PARIS — U.S. Treasury Secretary Timothy Geithner said Wednesday he is very encouraged with the progress Europe is making in coming up with a plan to shore up the euro in the wake of a crippling debt crisis.
Geithner's comments to reporters followed a meeting with French Finance Minister Francois Baroin on the second day of his whirlwind trip through Europe.
At a summit on Friday, Europe's leaders will discuss proposals made by France and Germany to impose greater budget discipline on the 17 nations that use the euro as a common currency.
Baroin said he and Geithner had spoken about building a "robust firewall" to reassure financial markets. Baroin also said they had also discussed greater involvement by the International Monetary Fund in resolving the debt crisis.
European countries have been pushing for more support for the IMF, which is already helping in the financial bailouts of Greece, Ireland and Portugal. But the United States has previously said that the IMF has adequate resources following a big increase in its financial firepower following the 2008 financial crisis.

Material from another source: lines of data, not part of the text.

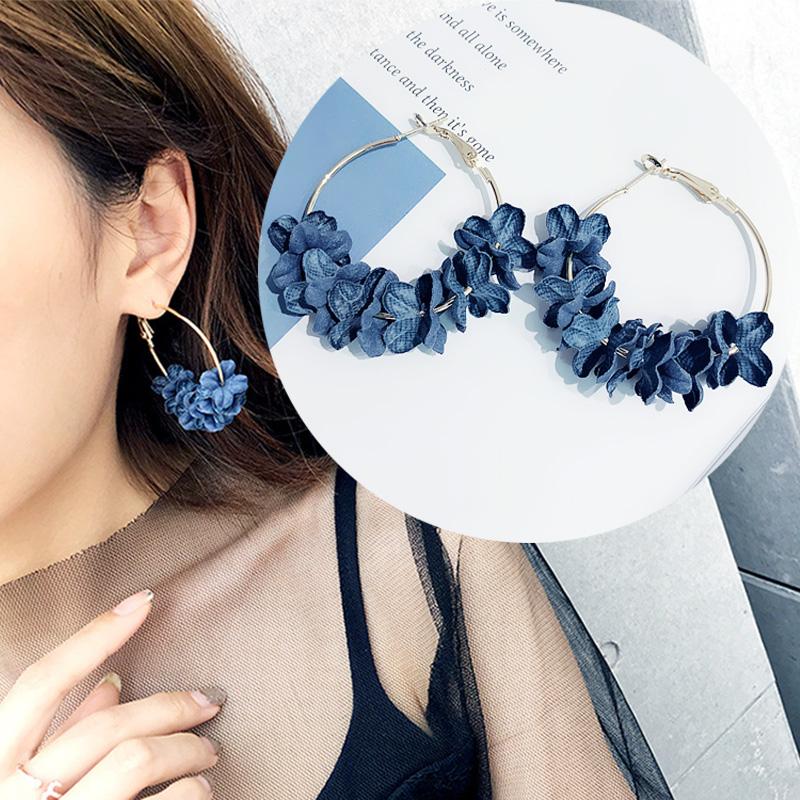 2020 New Elegant Fabric Flower Hoop Earrings Sweety Colourful Petal Bohemian Round Big Earrings Charm Brinco Drop Ship
2020 New Elegant Fabric Flower Hoop Earrings Sweety Colourful Petal Bohemian Round Big Earrings Charm Brinco Drop Ship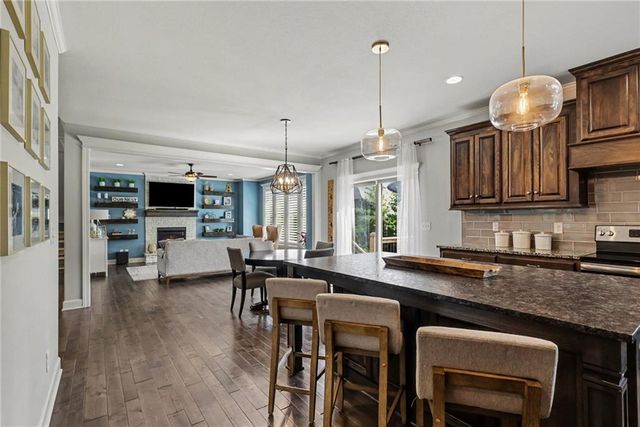 928 N Stonecrest Road, Olathe, KS 66061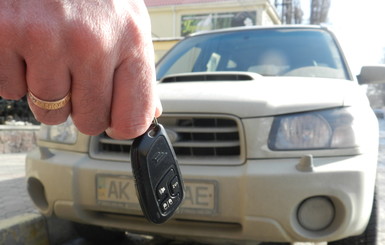 Новинки от крымских угонщиков: мошенники перехватывают звук сигнализации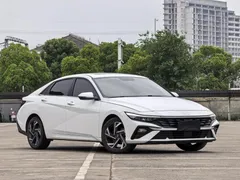 2023 Hyundai Elantra 1.5L CVT GLX Elite, белый — фото 3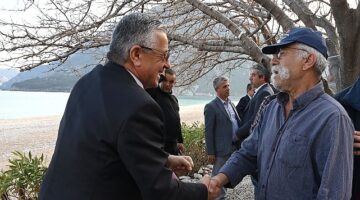 Kemer Belediye Başkanı Necati Topaloğlu, Çıralı'da vatandaşlarla halk toplantısında bir araya geldi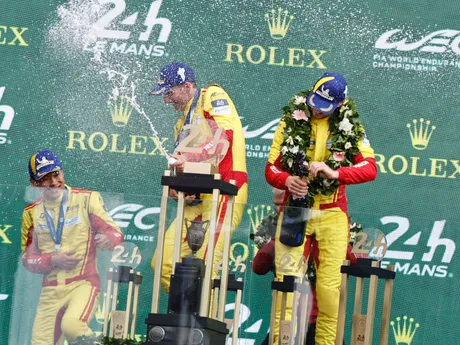 posádka víťazného vozidla Ferrari s číslom 83 v zložení Robert Kubica (uprostred), I-fej Jie (uprostred vľavo) a Phil Hanson sa teší na pódiu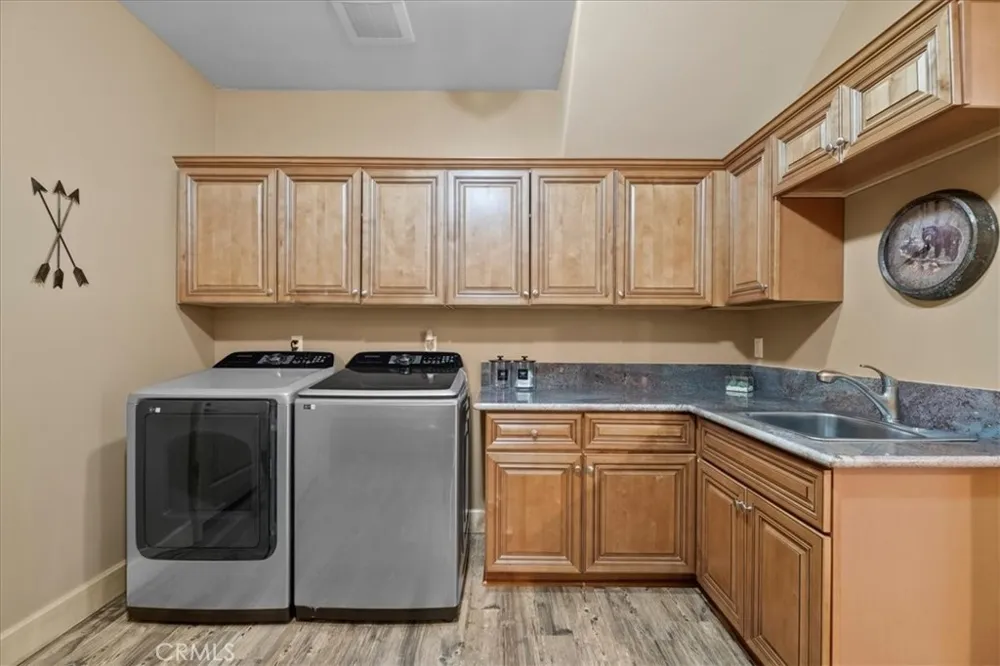 1020 Heritage Trail Big Bear City, CA 92314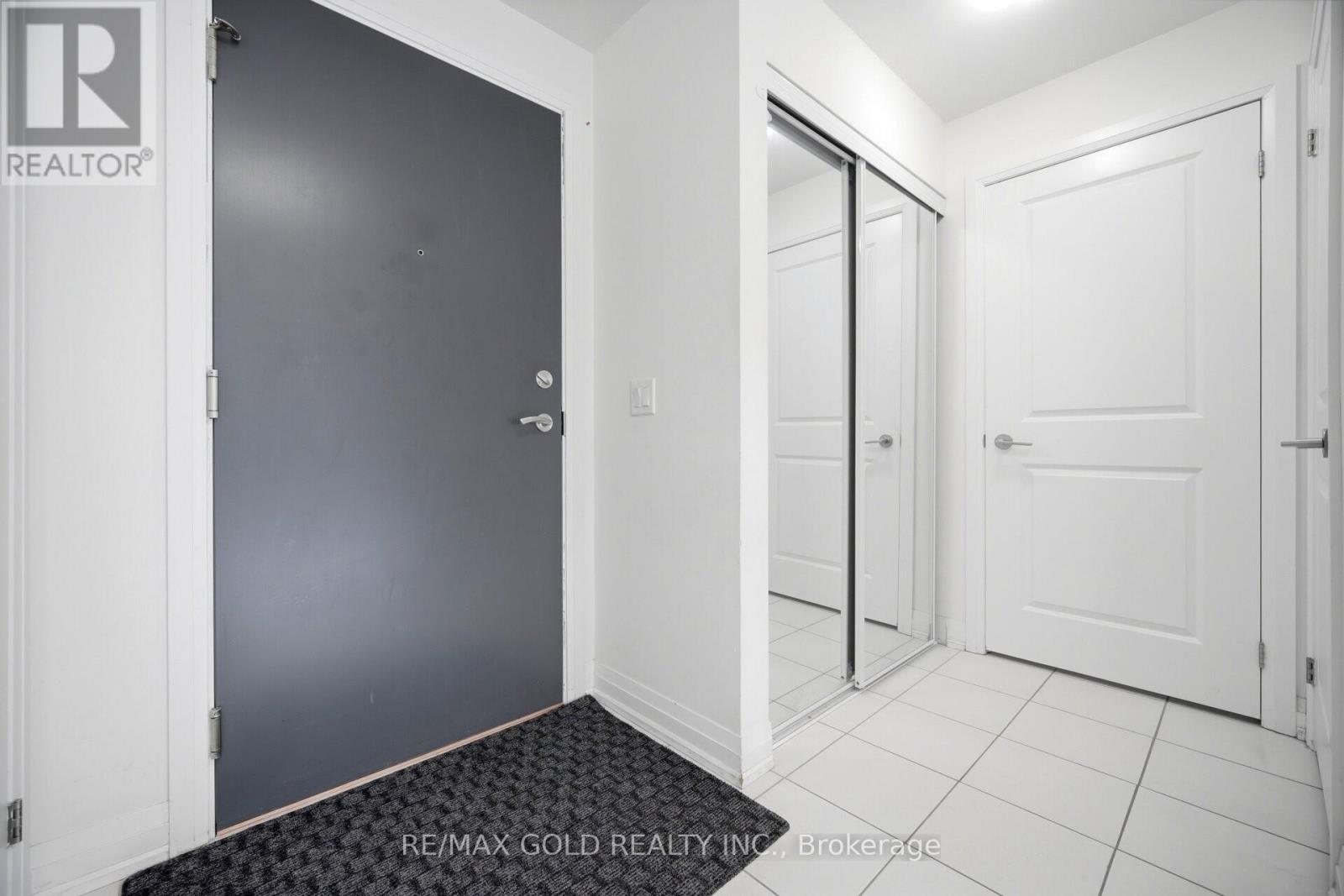 #346 75 ATTMAR DRIVE - 3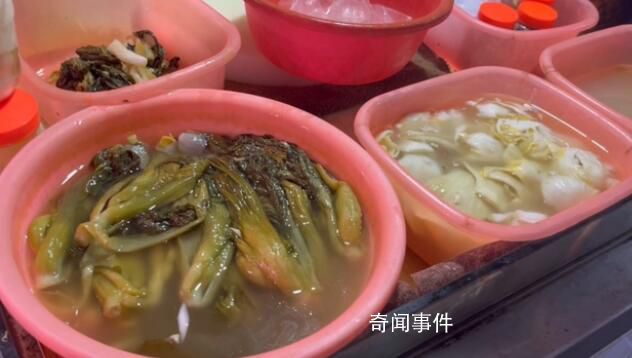 汕頭腌制廠工人用腳踩菜 芥菜泡污水扔路邊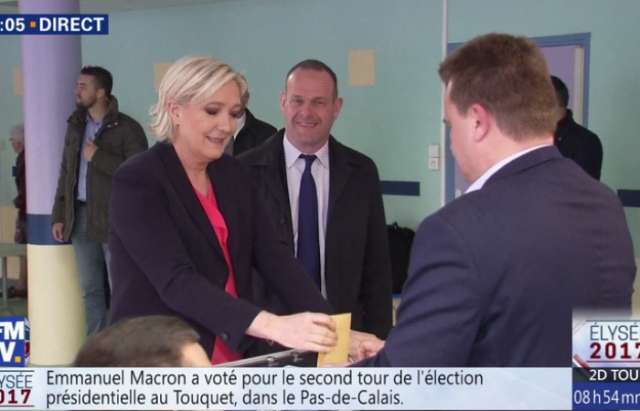 Marine Le Pen a voté à Hénin-Beaumont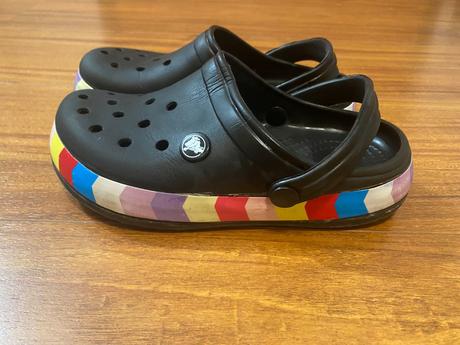 Čierne crocsy s farebnými pruhmi veľ. 34-35, 35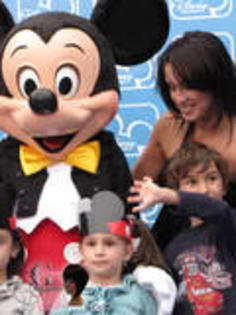 th_Nico-lansare-Disney-Channel-05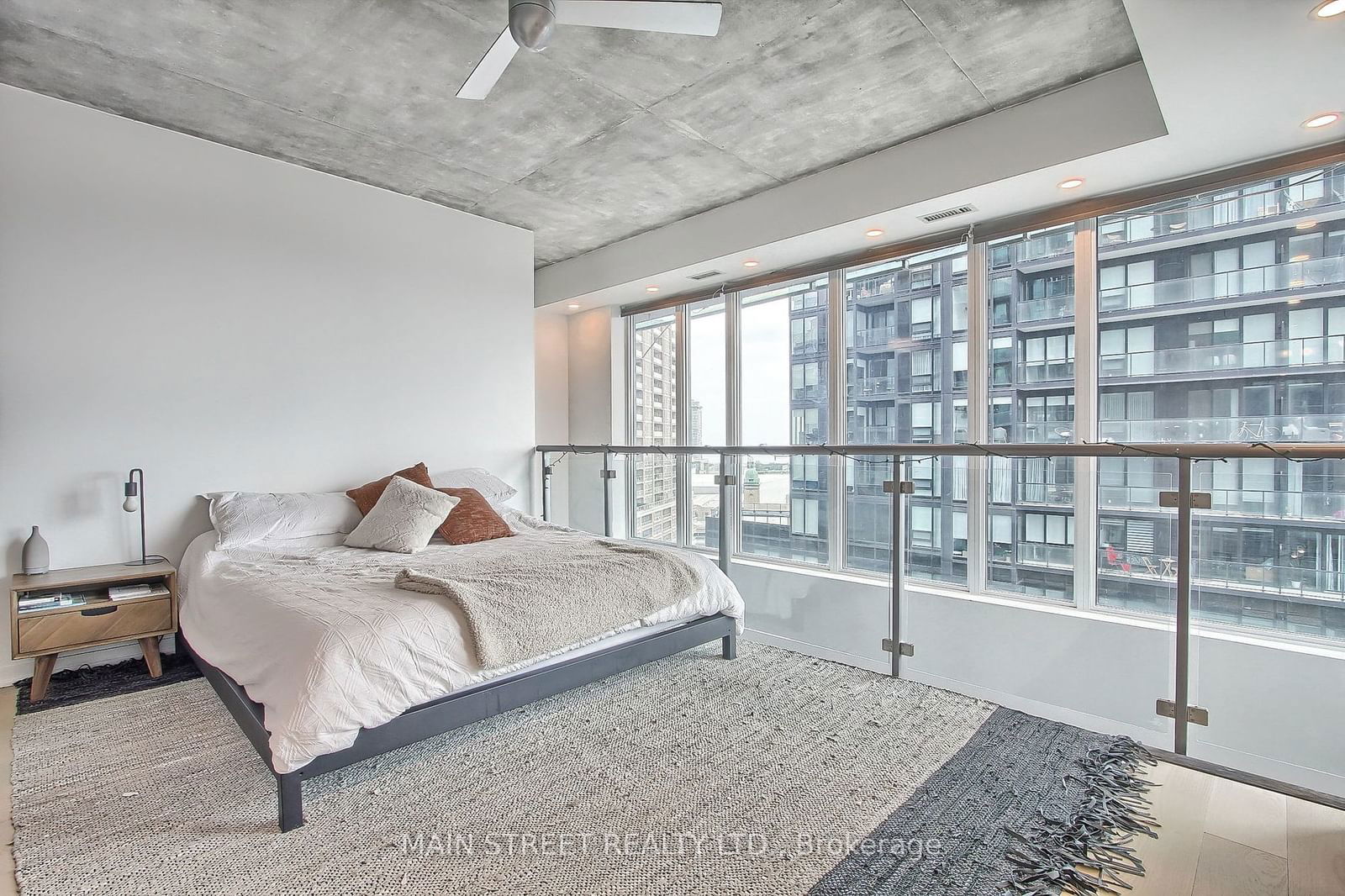 150 East Liberty St, unit 1213 for sale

However, U.S. officials have said they were reviewing a European proposal that some European governments would loan the IMF money that the agency could use to make loans to countries facing financial problems.
Geithner did not comment directly on Baroin's remarks about increasing IMF support but he called their meeting a "good, constructive" discussion.
"We are very encouraged with the progress that is being made," Geithner said.
Earlier, China also expressed support for the current outlines of the plan and offered to work with European governments.
"China always supports the development of European integration as well as efforts by the European Union to resolve the debt crisis," Foreign Ministry spokesman Hong Lei said at a daily media briefing. "We're ready to work with the international community to prevent turbulence in international financial markets and the world economy and promote a return to growth."
Geithner said a successful resolution of the European debt crisis is very important to the United States and the global economy.
Geithner met with Baroin in advance of discussions later with French President Nicolas Sarkozy.
On Tuesday, he began his three-day trip with meetings in Germany with Mario Draghi, the new head of the European Central Bank, and with German Finance Minister Wolfgang Schaeuble.
He is due to wrap up his trip with a meeting with new Italian Premier Mario Monti in Milan on Thursday.